Por Luis Loayza
Sé que cuando voy por la calle y un conversador se inclina al oído de otro y disimuladamente me señala, está diciendo que soy el avaro. Sé que cuando llega un traficante de telas o mujeres o vinos y pregunta por los hombres de fortuna, me nombran pero añaden: «no comprará nada, es avaro». Es verdad que amo mis monedas de oro. Me atraen de ellas su peso, su color —hecho de vivaces y oscuros amarillos—, su redondez perfecta.

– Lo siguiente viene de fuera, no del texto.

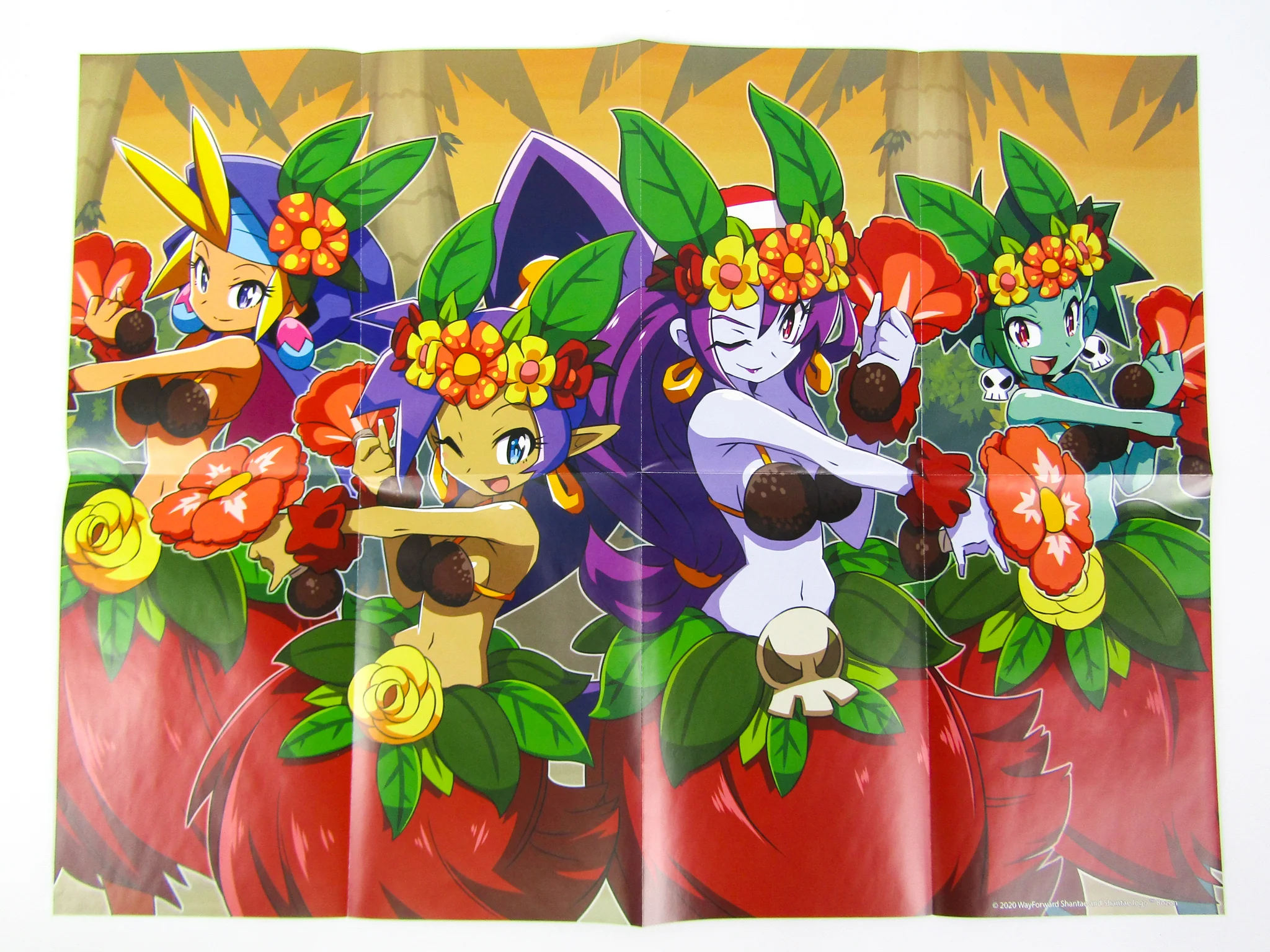 Shantae And The Seven Sirens [Collector's Edition] [Limited Run Games] (PlayStation 4 / PS4) - Image 7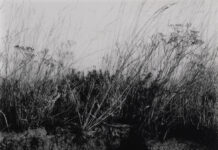 Liz Nicol: Getting Close – Notes from the Venice Lagoon / off_gallery & raum, Graz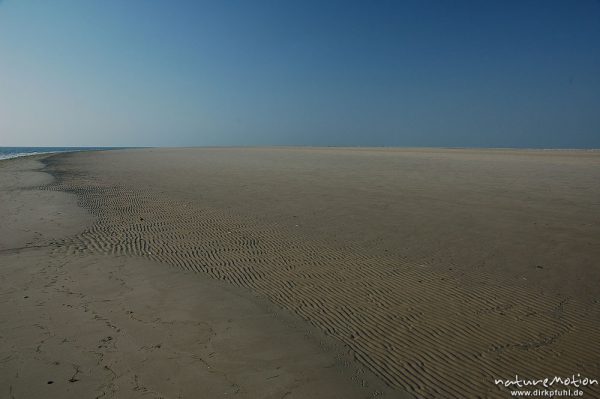 Strand und Küstenlinie bei Ebbe, Amrum, Amrum, Deutschland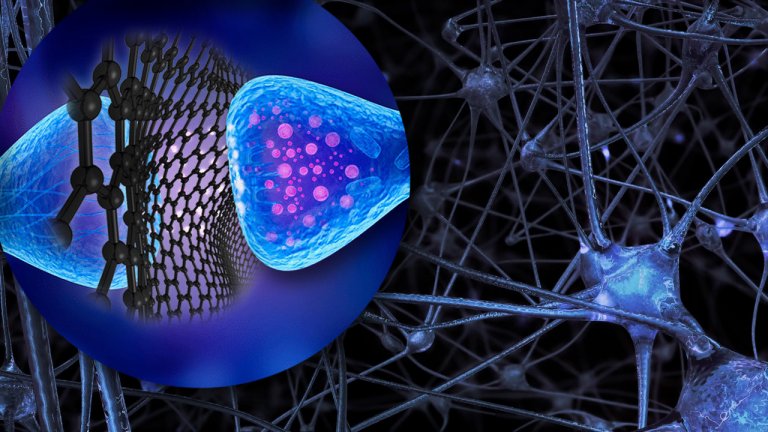 Naves microscpicas de grafeno podem controlar a atividade dos neurnios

Las junto en montones y torres, las golpeo contra la mesa para que reboten, me gusta mirarlas guardadas en mis arcas, ocultas del tiempo. Pero mi amor no es sólo a su segura belleza. Tantas monedas, digo, me darán un buey, tantas un caballo, tierras, una casa mayor de la que habito. Con uno de mis cofres de objetos preciosos puedo comprar lo que muchos hombres creen la felicidad. Este poder es lo que me agrada sobre todo y el poder se destruye cuando se emplea. Es como en el amor: tiene más dominio sobre la mujer el
que no va con ella; es mejor amante el solitario.
Voy hasta mi ventana a mirar, perfiladas en el atardecer, las viñas de mi vecino; la época las inclina hacia la tierra cargadas de racimos apetecibles. Y es lo mejor desearlos desde acá, no ir y hastiarse de su dulce sabor, de su jugo.